Starting from the line with "Els comerciants de" and going up to and including the line with "image for item", copy the listing below exactly. Leave all images out.

Dataset »
================================

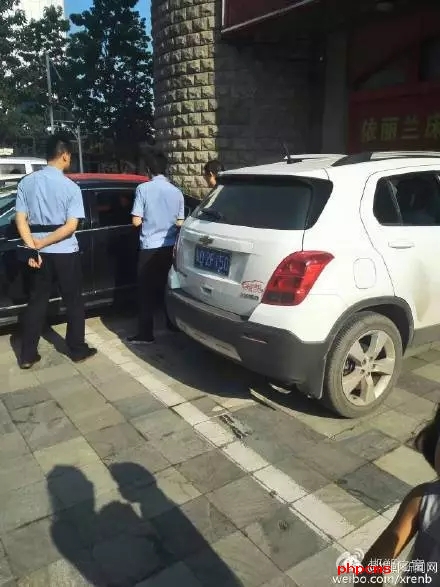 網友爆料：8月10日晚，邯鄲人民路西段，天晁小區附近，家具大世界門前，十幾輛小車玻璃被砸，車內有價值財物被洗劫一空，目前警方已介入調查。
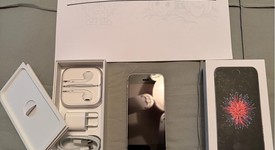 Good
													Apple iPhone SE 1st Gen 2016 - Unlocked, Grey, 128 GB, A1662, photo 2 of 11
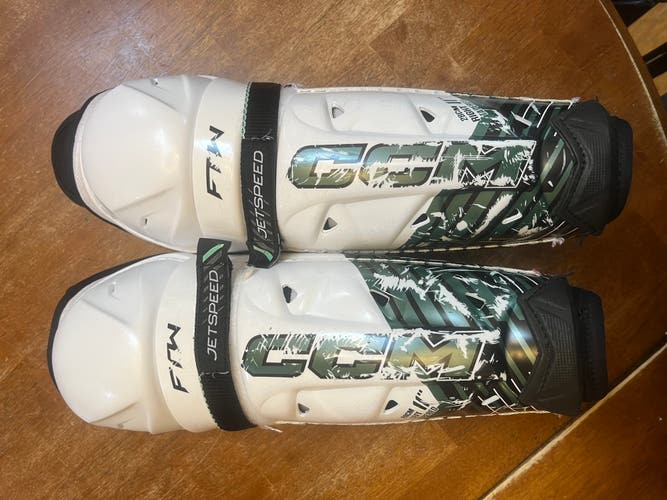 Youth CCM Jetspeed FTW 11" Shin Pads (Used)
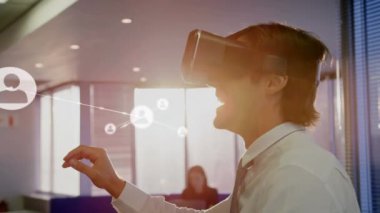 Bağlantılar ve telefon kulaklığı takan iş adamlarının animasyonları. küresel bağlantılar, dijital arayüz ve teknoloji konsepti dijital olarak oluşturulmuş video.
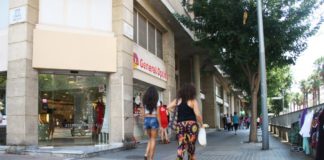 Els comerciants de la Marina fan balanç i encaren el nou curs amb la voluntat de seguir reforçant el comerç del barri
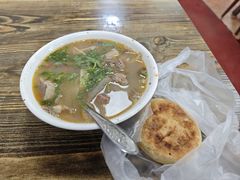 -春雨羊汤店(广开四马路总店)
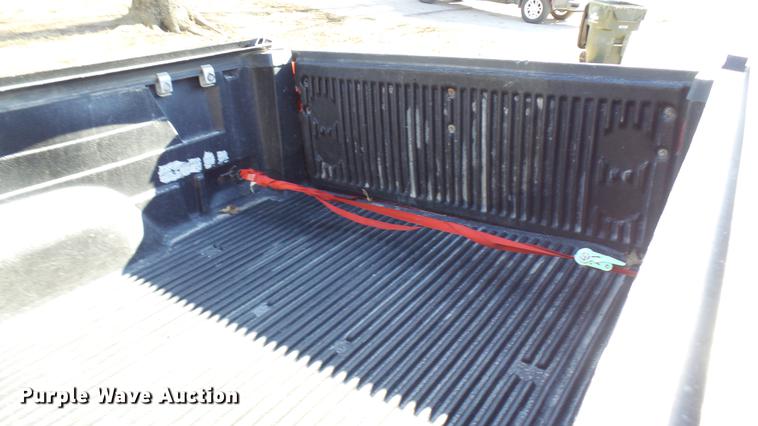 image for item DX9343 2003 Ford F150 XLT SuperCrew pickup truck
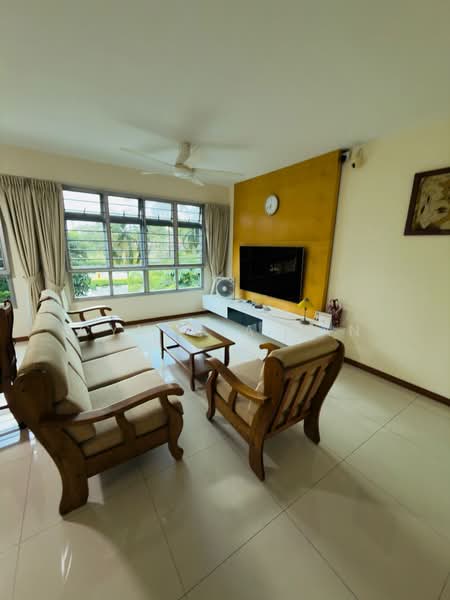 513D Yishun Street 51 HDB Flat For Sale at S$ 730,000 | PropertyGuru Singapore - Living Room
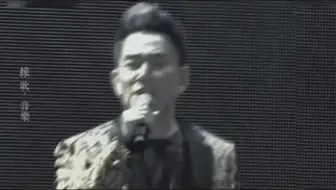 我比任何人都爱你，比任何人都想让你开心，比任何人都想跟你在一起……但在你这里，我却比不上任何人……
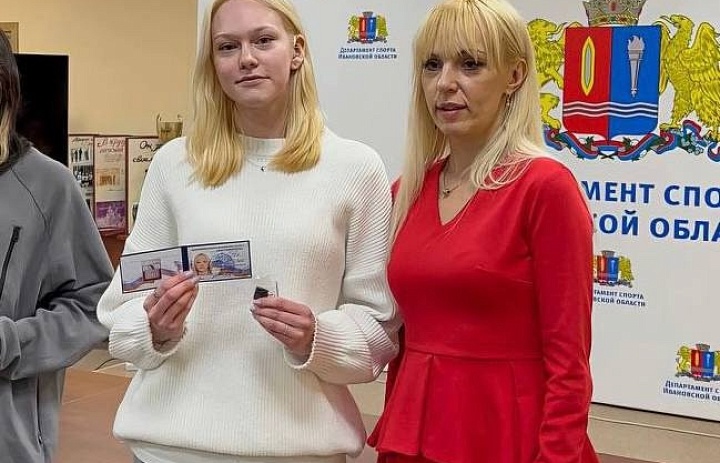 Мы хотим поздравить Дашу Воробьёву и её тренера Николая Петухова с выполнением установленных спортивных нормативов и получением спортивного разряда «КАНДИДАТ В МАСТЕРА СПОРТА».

================================

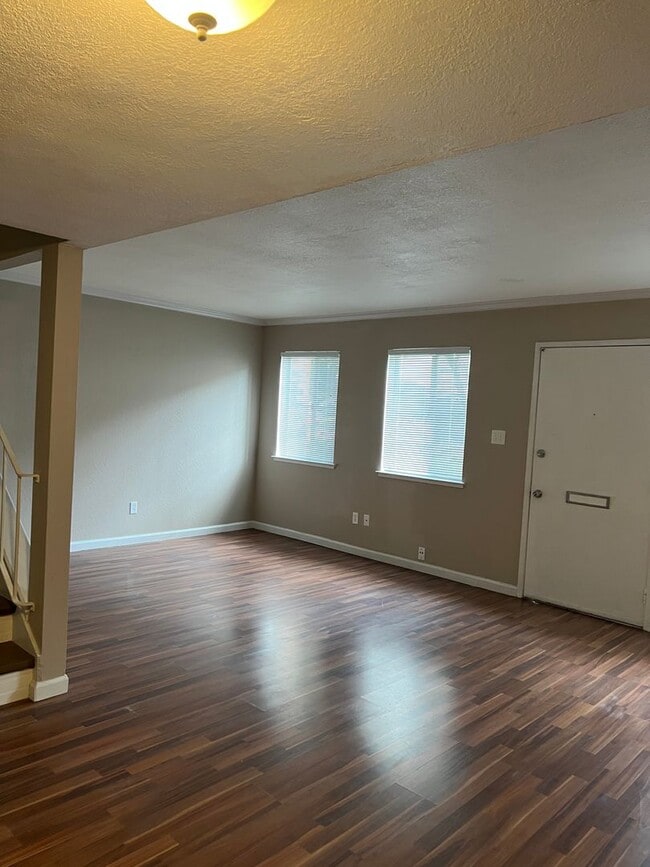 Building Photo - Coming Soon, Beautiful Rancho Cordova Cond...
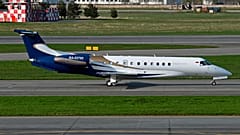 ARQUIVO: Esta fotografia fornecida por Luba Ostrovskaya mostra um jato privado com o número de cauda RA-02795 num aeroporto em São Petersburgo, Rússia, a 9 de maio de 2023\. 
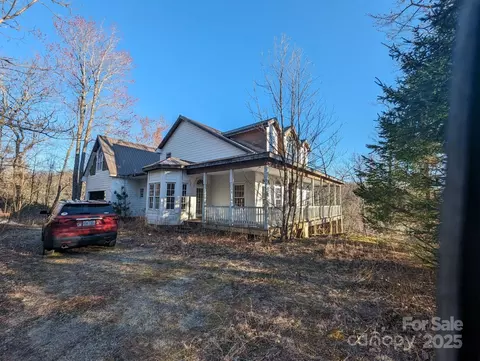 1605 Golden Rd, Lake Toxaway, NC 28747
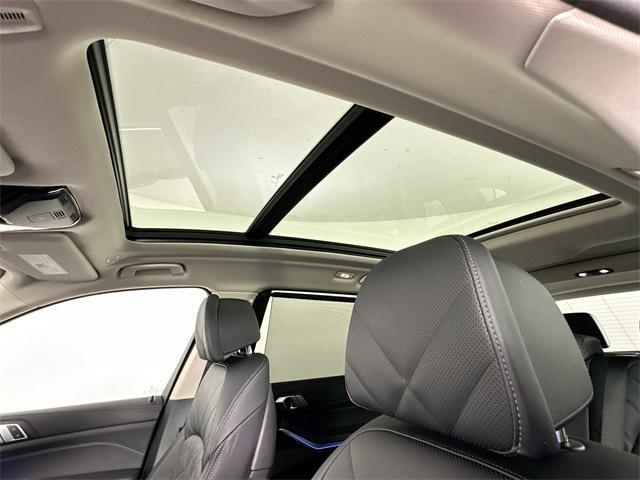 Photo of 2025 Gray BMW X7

================================

Answer section »
 Els comerciants de la Marina fan balanç i encaren el nou curs amb la voluntat de seguir reforçant el comerç del barri
 -春雨羊汤店(广开四马路总店)
 image for item DX9343 2003 Ford F150 XLT SuperCrew pickup truck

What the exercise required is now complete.